Condense or increasing the information density reflects the requirements that all information necessary to understanding the content should, if possible, be included on one page. This allows to easier navigate the content and prioritize what the audience is able to see. The principle however seems to have more to do with the ink-information ratio principle (see [2]). 

Check or ensuring the visual integrity reflects the principle that the information should be presented in the most truthful and the most easily understood way. This is something that many data visualizations out there lack.

Express or choosing the proper visualizations is based on the principle that the visuals considered should be as intuitive as possible. In theory, the more intuitive a visual the easier is to be understood and reused, however this depends on the "visual vocabulary" and "visual grammar" of each individual. Intuition is something that needs to grow through the interplay of these two areas. Having the expectation of displaying everything in terms of basic elements is unrealistic and suboptimal. 

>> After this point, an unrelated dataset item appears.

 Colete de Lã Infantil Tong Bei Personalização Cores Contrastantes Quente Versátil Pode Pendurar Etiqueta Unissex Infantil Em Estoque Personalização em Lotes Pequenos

Simplify or avoiding clutter refers to eliminating the unnecessary from a visualization, when there's nothing to take out without changing the meaning of a visualization. At least, the principle is correctly considered even if is in general difficult to apply because quite often one needs to build something more complex and reduce the complexity through iterative steps until the simple is obtained. 

Structure or organizing the content is based on the principle that content should follow (a logical consistent) structure. The interplay between function and structure is an important topic in itself.

Browsing through the many data visualizations given as example, I'd say that many of the recommendations make sense, though from there to a standardization is still a long way. The reader should evaluate against his/her own judgements the practices described and consider what seems to work. 

The book is available on the IBS website as PDF, though the Kindle version is 40% cheaper. Overall, it is worth a read.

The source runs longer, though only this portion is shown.